Die Beklagte hat mit den Klägern, die bei ihr als Arbeitnehmer beschäftigt sind, die Anwendung der Tarifverträge der Metallindustrie Hamburg und Schleswig-Holstein einzelvertraglich vereinbart. Nach einem im Frühjahr 1995 durchgeführten Arbeitskampf in Bayern wurden die in der Metallindustrie üblichen jährlichen Tarifrunden von der Regel abweichend für die Jahre 1995 und 1996 in einem Verhandlungsergebnis vom 14.03.1995 zusammengefaßt und in zwei Stufen für den Zeitraum 01.01.1995 bis 31.12.1996 geregelt, wobei die in Bayern gefundene Lösung in der Metallindustrie des gesamten Bundesgebietes übernommen wurde, nämlich, die Entgelte ab dem 01.01.1995 um 3,4 % (erste Stufe für 1995) und ab dem 01.11.1995 um 3,6 % (zweite Stufe für 1996) zu erhöhen. Für Januar bis April 1995 sah der Tarifvertrag dabei die Zahlung von Pauschalbeträgen vor.
Die Beklagte wandte sich mit Aushang vom 14.03.1995 „an alle Mitarbeiterinnen und Mitarbeiter”. Der Aushang hatte folgenden Inhalt:
Tariferhöhung 1995
Sehr geehrte Damen und Herren,
wie Ihnen bekannt ist, wurde auch für das Tarifgebiet Hamburg und Schleswig-Holstein der Tarifabschluß aus Bayern übernommen.
Durch die zweistufige Lohnerhöhung sowie die Einführung der 3 5-Stunden-Woche bedeutet der Tarifabschluß in der vorliegenden Form für die betroffenen Unternehmen eine Steigerung der Lohnsumme innerhalb eines Jahres um ca. 10 %, für Z… NORD gleichbedeutend mit einer absoluten Summe von ca. 1,02 Millionen zusätzlich an Löhnen und Gehältern im Jahr. Diese Summe muß durch eine entsprechende Steigerung der Produktivität kompensiert werden.
Erschwerend kommt hinzu, daß wir derzeit infolge der ungünstigen Wechselkurse und des verstärkten Preisdrucks, insbesondere am Weltmarkt, die Konkurrenzfähigkeit unserer Produkte nur dadurch behalten können, daß wir die Preise senken. Voraussetzung dafür ist die Reduzierung der Herstellkosten.
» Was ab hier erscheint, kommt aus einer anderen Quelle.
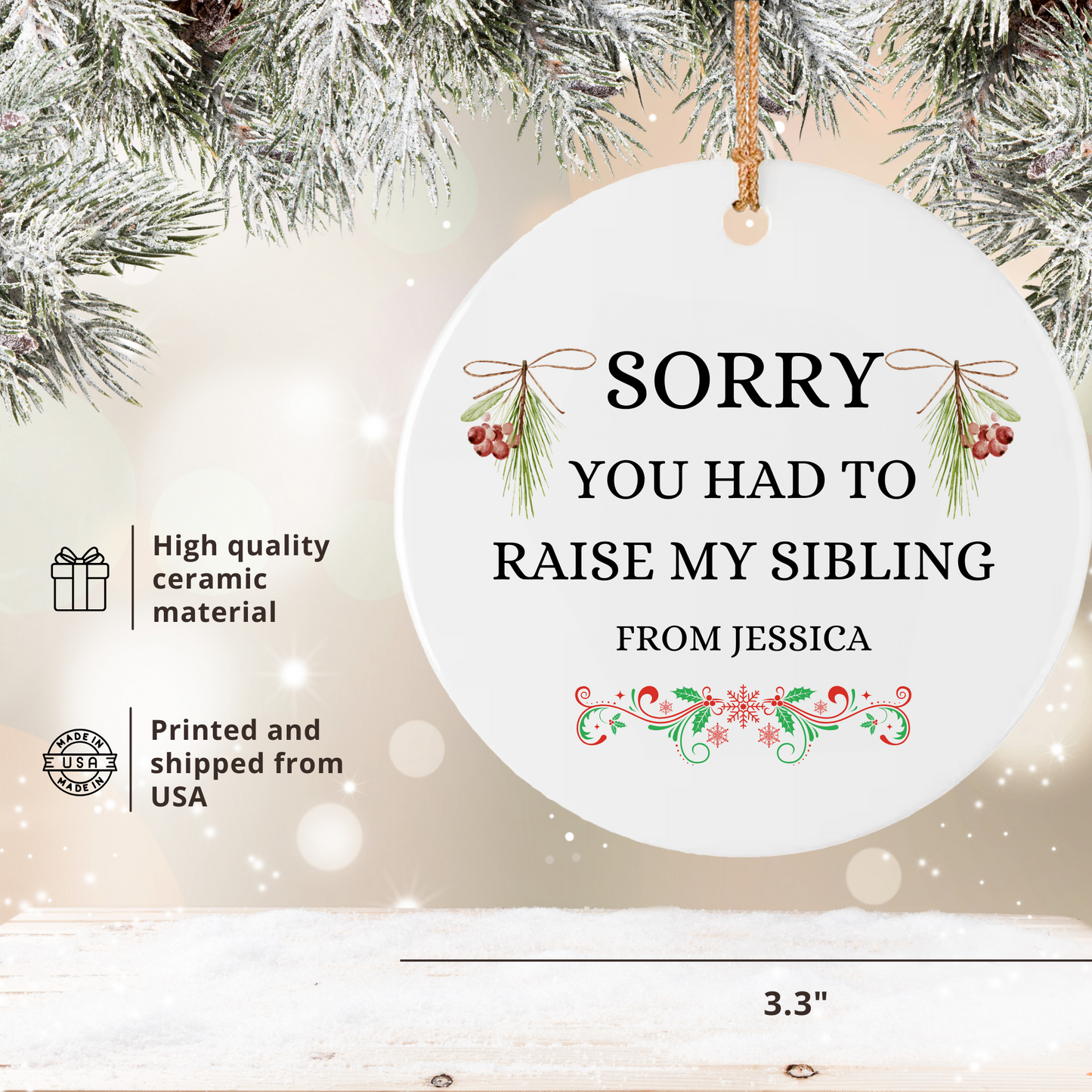 Funny Personalized Christmas Ornaments for Parents, Picture Frame Ornaments Gifts for Mom & Dad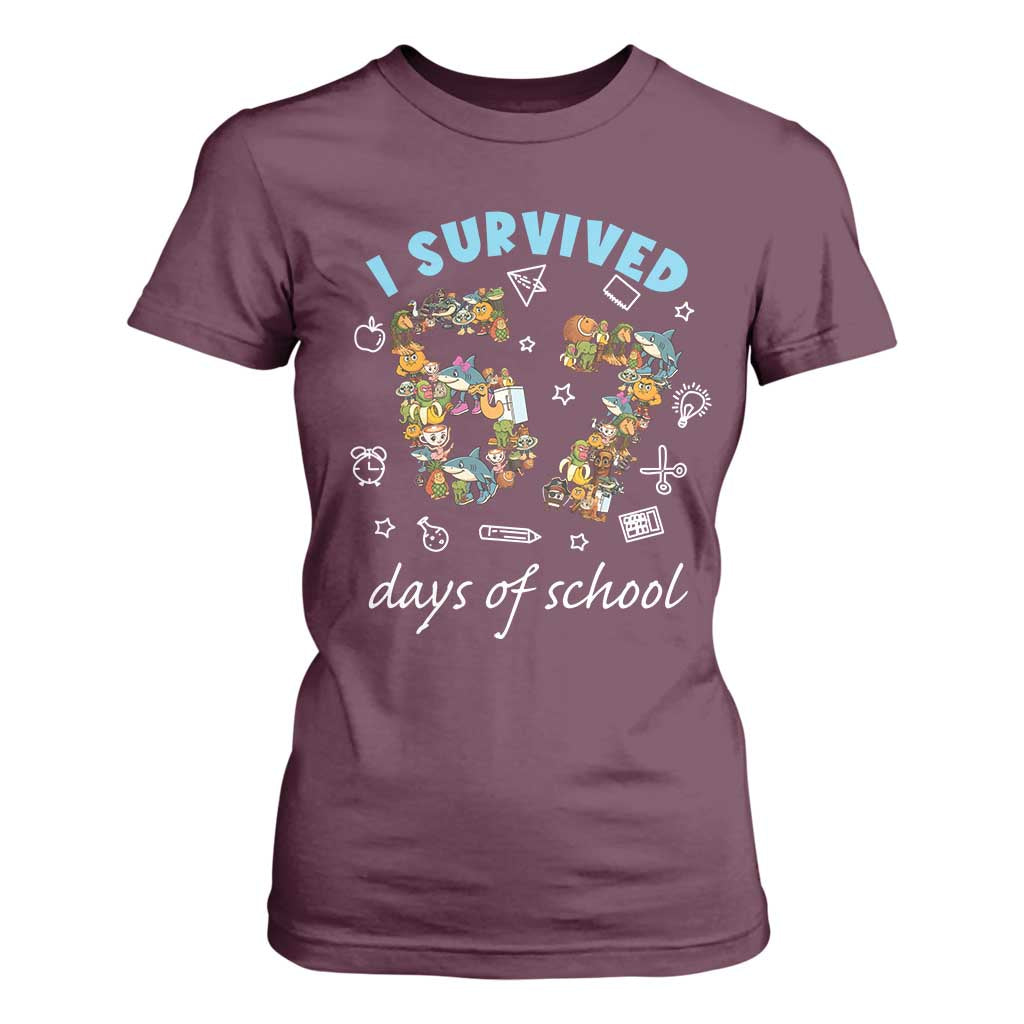 I Survived 67 Days of School Funny Six Seven Italian Brainrot T Shirt For Women TS10 Maroon Print Your Wear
Wesentliche Möglichkeiten, die Stückkosten zu senken, verbleiben für Z… NORD nur die Ausweitung der Maschinenlaufzeiten sowie die rasche Einführung der Prämienentlohnung für das gesamte Unternehmen.
Trotz aller bisherigen Schwierigkeiten, diese beiden Projekte zügig zu realisieren, haben wir uns entschlossen, die diesjährige Tariferhöhung an Sie voll weiterzugeben. Wir sehen dieses als Vorausleistung im Vertrauen auf den Willen der Mitarbeiter, uns bei den anstehenden Problemen voll zu unterstützen, auch wenn uns bewußt ist, daß dieses für Sie z. T. einschneidende Veränderungen bedeutet.
Mit freundlichem Gruß
Z… NORD
Die zum 01.11.1995 wirksam werdende Tariflohnerhöhung von 3,6 % rechnete die Beklagte vollständig auf die den Klägern gewährte übertarifliche Zulage an. Für den Kläger zu 1. ergab sich daraus für den Zeitraum bis einschließlich März 1996 eine Differenz von 595,– DM, für den Kläger zu 2. eine solche in Höhe von 690,– DM.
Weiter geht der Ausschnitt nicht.